Der Hashtag unter dem die Kampagne läuft ist #aufaugenhöhe. Welches sind die Folgen dieser Gewalterfahrung für Betroffene?
 
Dieser Hashtag ist nach einem Brainstorming in der Arbeitsgruppe der Selbstvertreter:innen hervor gegangen. Es geht darum, dass gesagt wird: „Oftmals entscheiden Andere für uns und es gibt einen Machtmissbrauch von oben herab.“ Wenn Sie mich das also fragen, dann ist die Frage: Was macht Machtmissbrauch und Gewalt mit Mitmenschen generell? Da ist die gesamte Bandbreite, was Gewalt grundsätzlich bei Menschen auslöst. Es kann emotionales Unwohlsein auslösen, ein Gefühl der Minderwertigkeit und des Nicht-Akzeptiert-Werdens. Wir wissen von vielen Menschen mit Behinderung, dass sie sich auch zurückziehen. Angst, Panik und das Gefühl nicht dazuzugehören ist für die Betroffenen ganz, ganz schwierig.

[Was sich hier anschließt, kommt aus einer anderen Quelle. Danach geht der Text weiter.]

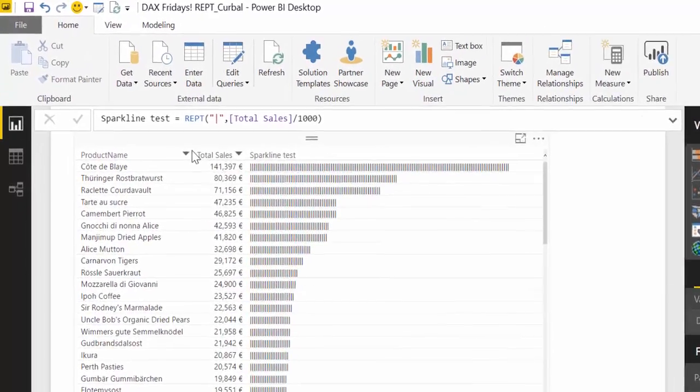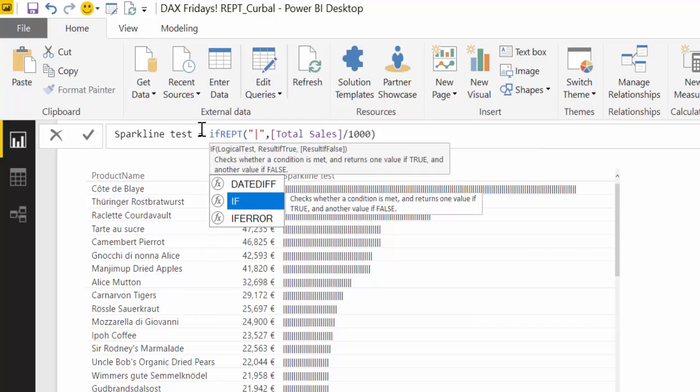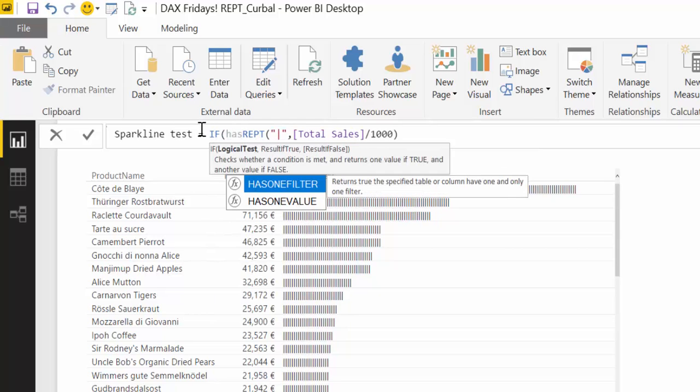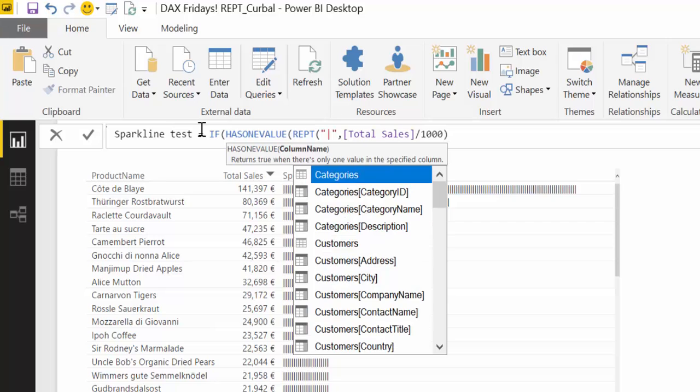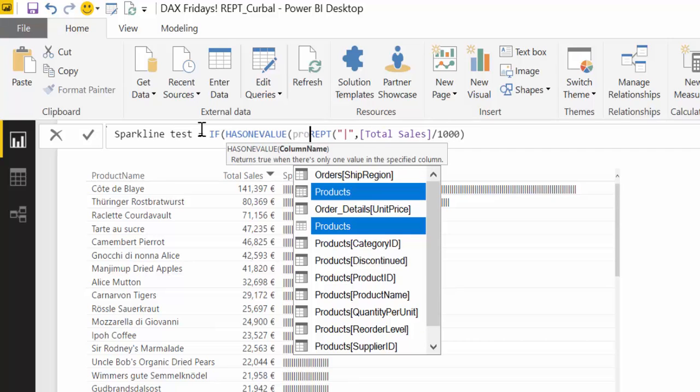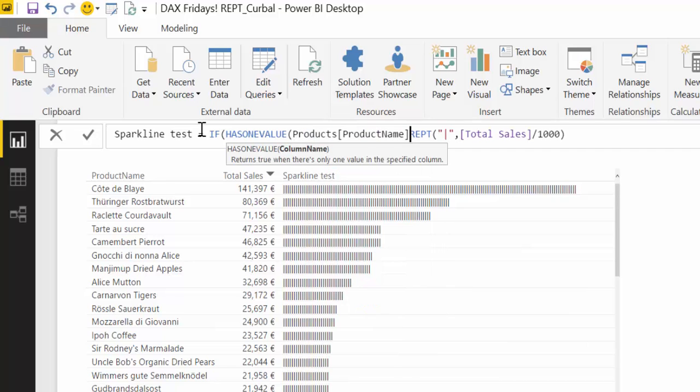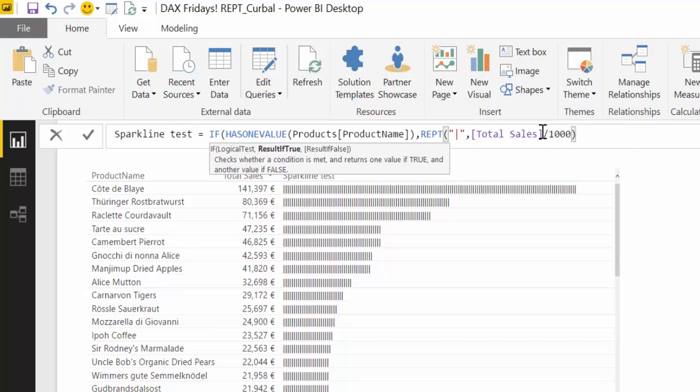And for that we are going to use HASONEVALUE. I already have a DAX video on that, make sure you check it out. And then we're going to use product name. So that means if only one product name is selected on this table, here it is only one, only one, only one. Then do this formula. Otherwise, do nothing.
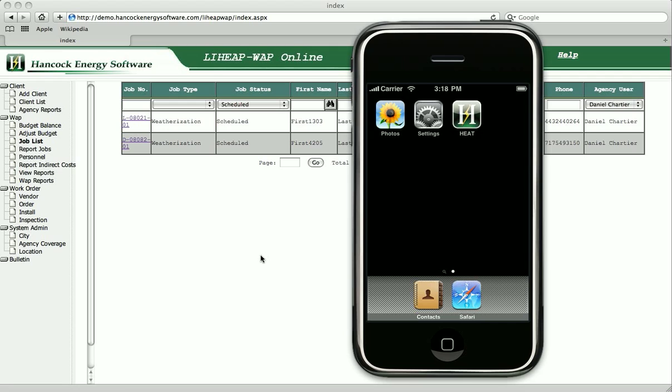HEAT's software is specifically designed for use by energy auditors and runs on an iPod Touch or iPhone device.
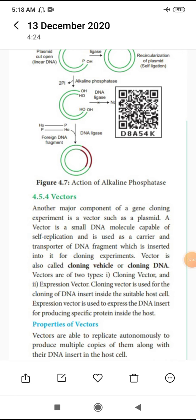It is also easy for multiplication, replication — it can replicate within the host cell very fast. Very low weight in nature, light weight in nature.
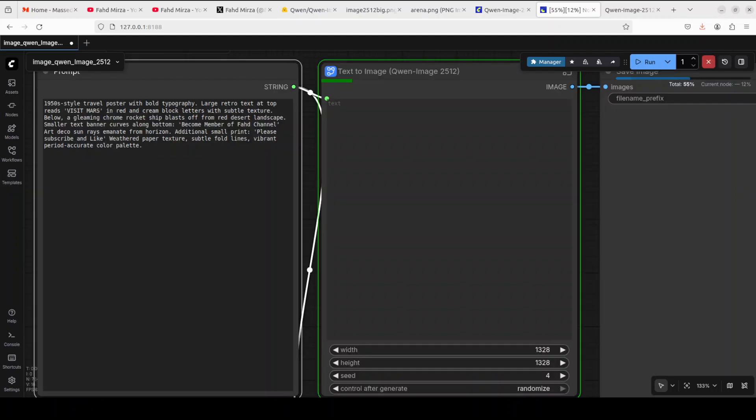Let's try out another one. Next up I'm checking out the text rendering. It's a 1950s vintage style poster with bold typography, large retro text. The text is 'become member of our channel' and 'please like and subscribe' and all that stuff. Let's see what it generates.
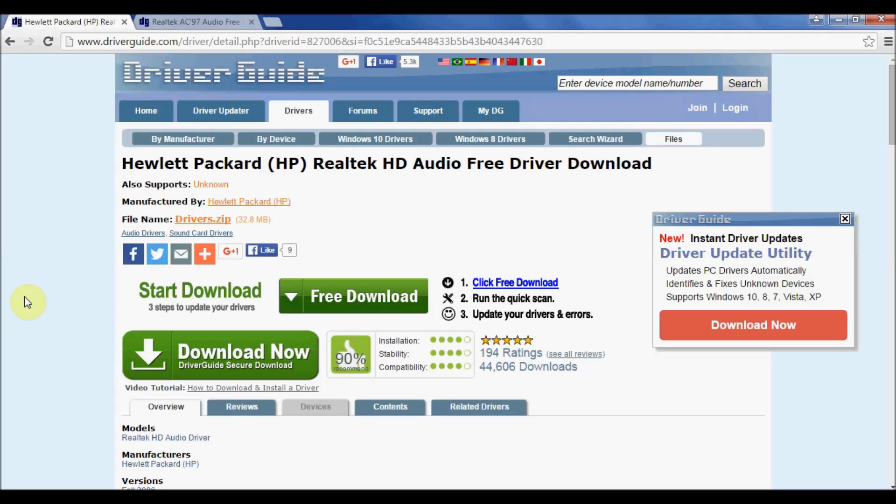Hello and welcome to another video tutorial for driverguide.com. Today I'm going to be talking some more about the various types of files that you can download when searching for drivers on driverguide.com.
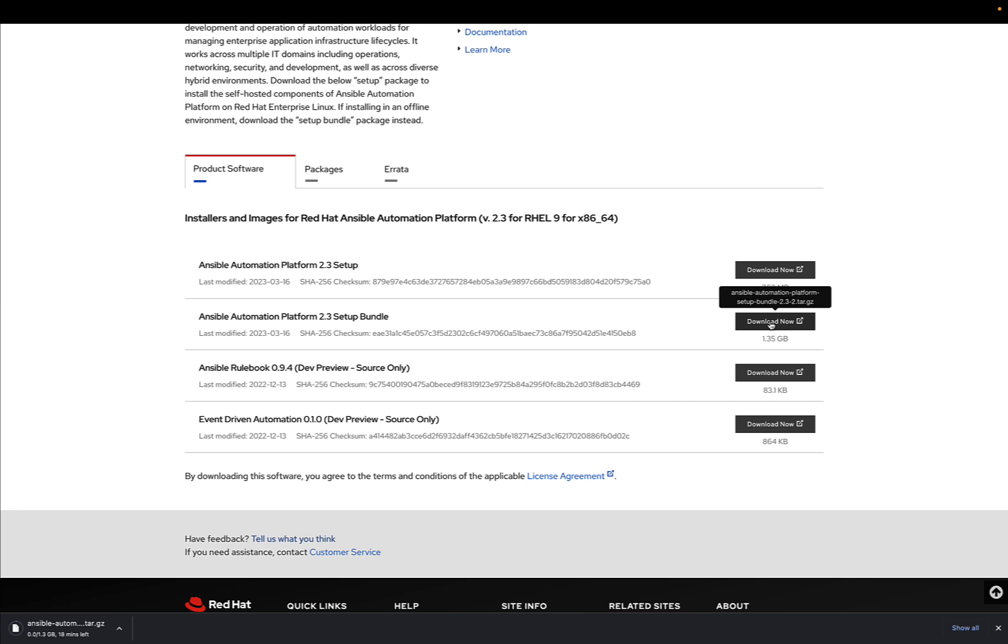Just hit the button and wait for the download. It's 1.3 gigabytes, so it's going to take a while.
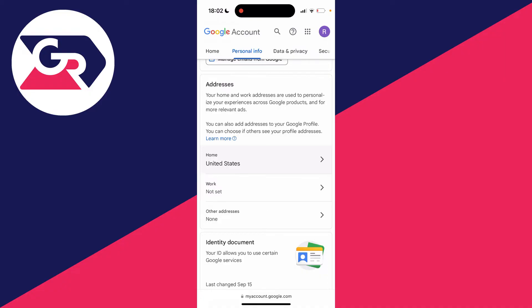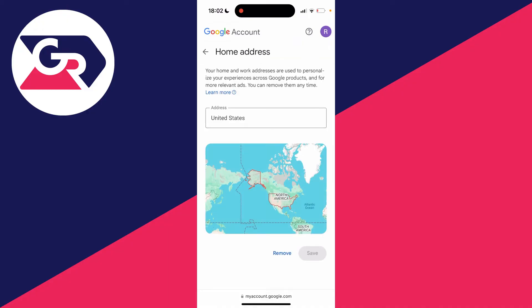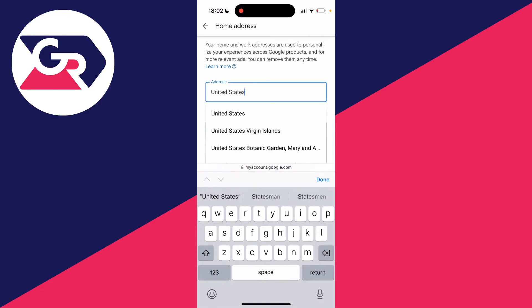At the moment my home is set to the United States, but you can change this — maybe you want to move or whatever. Click there and then you can type it in. This is going to personalize your experiences across Google products and for more relevant ads.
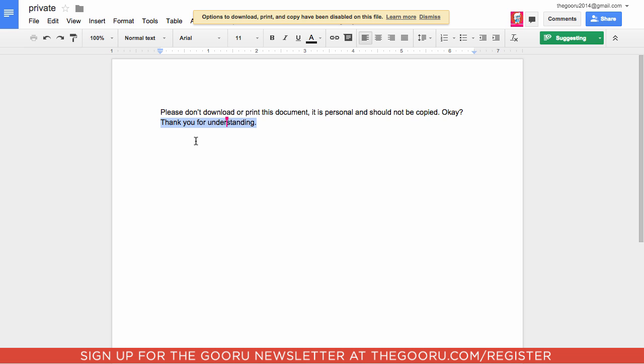That is one way someone could get around this if they really wanted to. Remember that nothing is completely secure, but this update has made things a lot more secure and covers most of the basic loopholes for someone trying to get around document security.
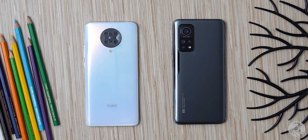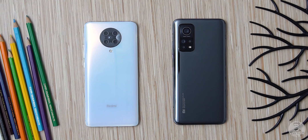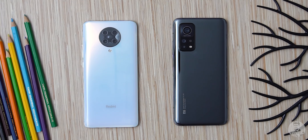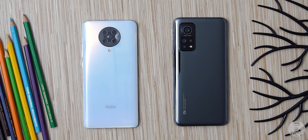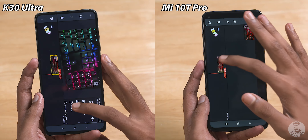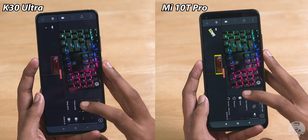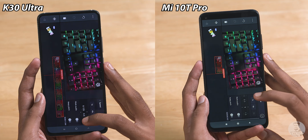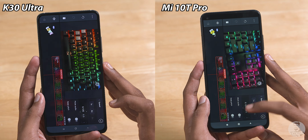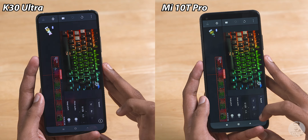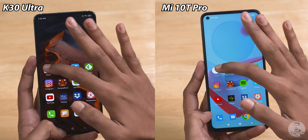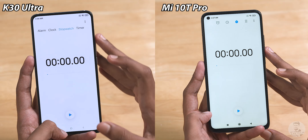As promised, for the second round we have heavier games as well as a video to render. For today's clip we are using the KineMaster app — taking a 4K clip, slowing it down to 25%, and keeping it ready to render. Let's now start that stopwatch.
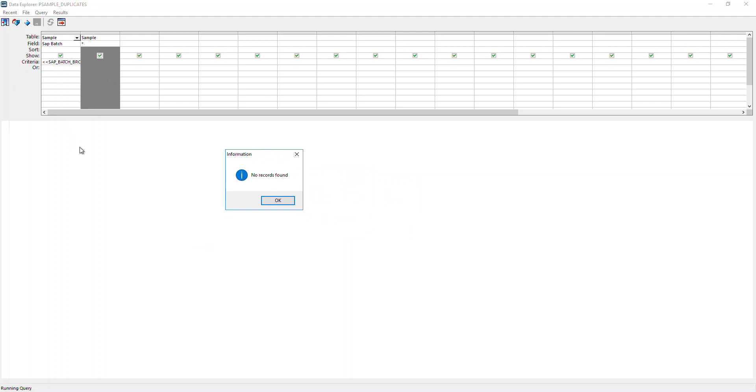You see there are no records that are duplicates - wonderful. If there were, it would list just those records that are duplicate, and we'd have to keep those in mind, maybe take a screenshot or copy the list. Great, we're done with that.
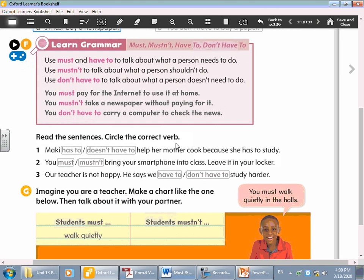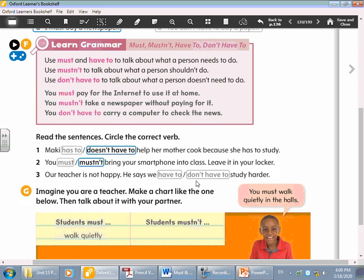Read the sentences and circle the correct verb. Mark has to / doesn't have to help her mother cook because she has to study. Which one? Doesn't have to. You must / mustn't bring your smartphone into class — leave it in your locker. Must or mustn't? You mustn't. Our teacher is not happy. He says we have to / don't have to study harder. We have to.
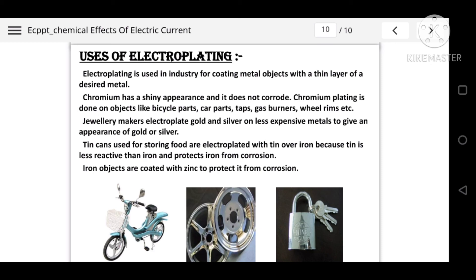Electroplating is used in industries for coating a thin layer of desired metal on objects to prevent rusting or damage. Chromium has a shiny appearance and does not corrode, so chromium plating is done on objects like bicycle parts and cars. Gold and silver are coated on cheaper metals to make gold plated or silver plated items. Tin is used to coat food cans made of iron, which protects food items from getting spoiled.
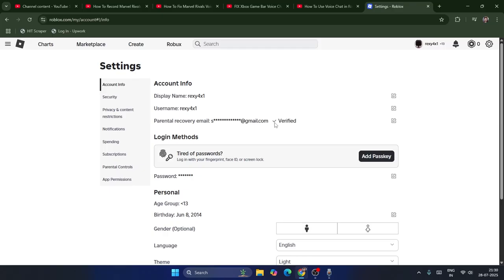For some regions and countries, it depends on the region. Your account should be above 13 years old, verified by email ID, and also verified by phone number.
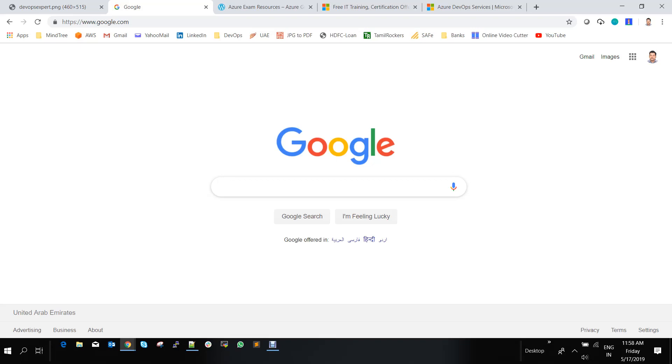Hi everyone, this is Yosu Pramani. So today we are going to see about AZ-400, which is Microsoft Azure 400 certification, which is primarily used for Azure DevOps.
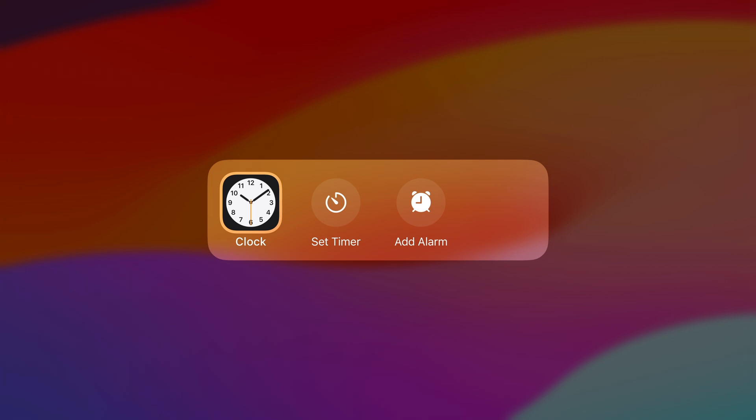We could have included an Add City to World Clock shortcut, but we didn't because that functionality is less habitual and more complicated. Don't feel compelled to fill up all of the spaces. It's fine to have just one or two shortcuts.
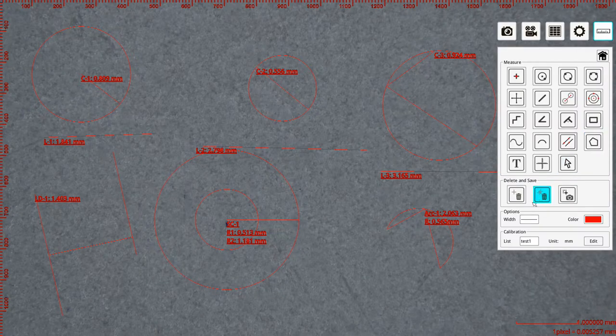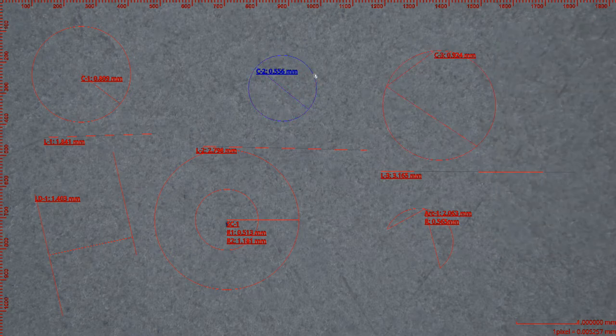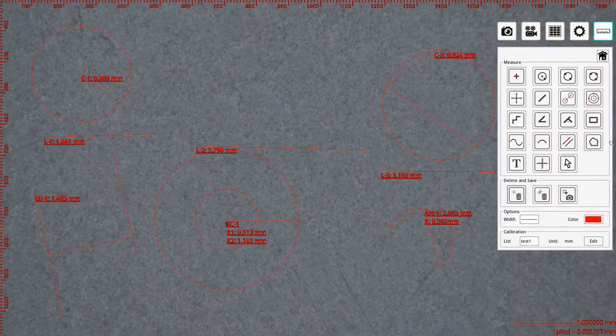And then if you want to delete certain measurements, you can highlight this and then go choose delete.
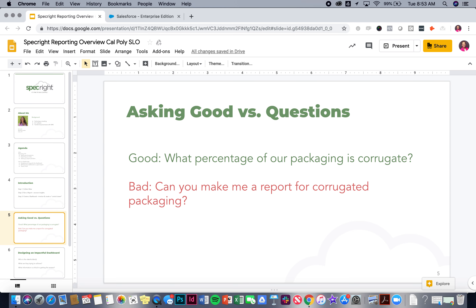Let's talk about asking good questions — I actually think this is the most important part of reporting. If you ask a good question, the report is going to be meaningful. A good question is: what percentage of our packaging is corrugated? This is clearly asking for something specific. There's probably a business reason behind this — maybe this person is in procurement and trying to understand where the biggest single spend is in packaging so they can put that out to bid. That's a good question.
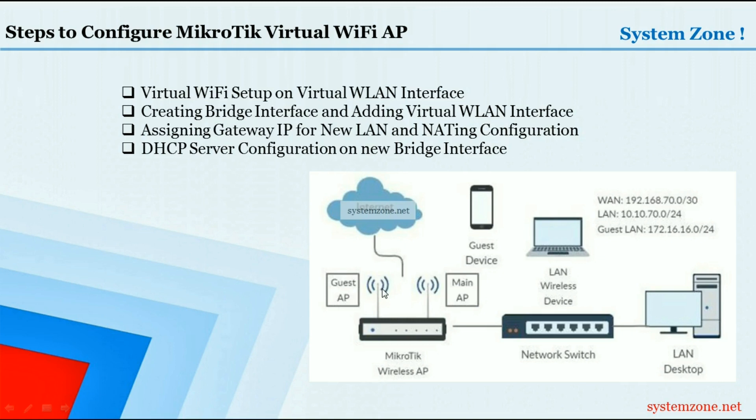For this, first we have to create a virtual WLAN interface on physical WLAN interface, and then we have to set up a WiFi AP on that virtual interface. Then we will create another bridge interface and add that virtual WLAN interface on this bridge.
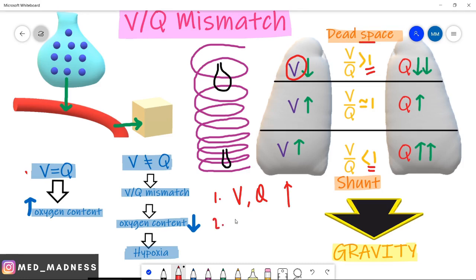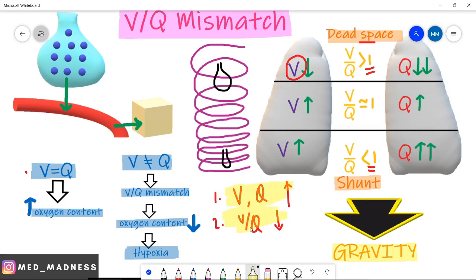Take-home point number two: on moving from upper to lower lobe, your VQ ratio decreases. Thank you, see you with more interesting videos.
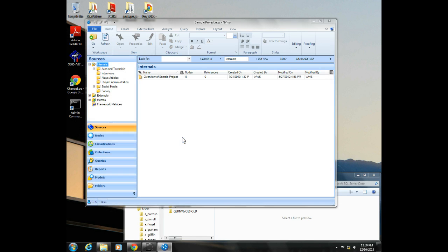But if your screen looks like this, congratulations and NVivo has opened successfully for you, and you're in good shape and you can start processing.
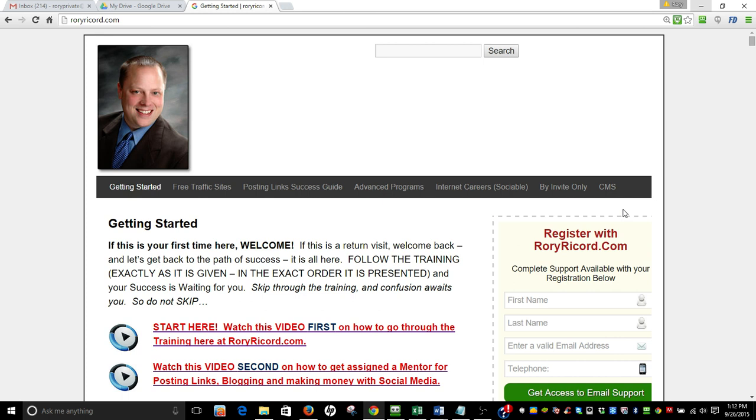We start you out regardless of where you are in knowledge of the internet and we start you out with it being pretty easy and we add more and more stuff to it. We repeat as we go along so that your muscle memory and your understanding of what we're doing is happening in the right manner. We've gotten a lot of people to be successful and learn how to do this.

Es kann aber auch Wut auslösen, wie auch den Antrieb etwas dagegen zu tun.
 
Das selbstständige Wohnen, damit zusammenhängend Arbeit von der man leben kann und das dritte ist das wichtige Thema der inkludierten Freizeitaktivität.
 
Die „ Hauptaufgabe des Monitoringausschusses ist es, die Umsetzung der UN-Konvention in Südtirol zu fördern und zu überwachen“. Bei welchen der 50 Punkte der Konvention - neben der Freiheit von Gewalt - gibt es noch Baustellen?
 
Es gibt keine klare Antwort, die richtige Antwort wäre wohl auf alle, aber das ist sicherlich unzufrieden-stellend. Wir haben gesehen, es sind jene Themen bei uns Jahresthemen, bei denen es darum geht, ein selbstständiges und inkludiertes Leben zu führen. Da nenne ich einige Punkte, zu denen wir eine Ist-Analyse mit klaren Forderungen gemacht haben: Das selbstständige Wohnen, damit zusammenhängend Arbeit von der man leben kann und das dritte ist das wichtige Thema der inkludierten Freizeitaktivität. Das letzte Jahresthema das wir hatten, war das der psychosozialen Unterstützung. Menschen mit Behinderung in Südtirol wünschen sich eben auch Unterstützung zu erhalten, wenn sie diese brauchen.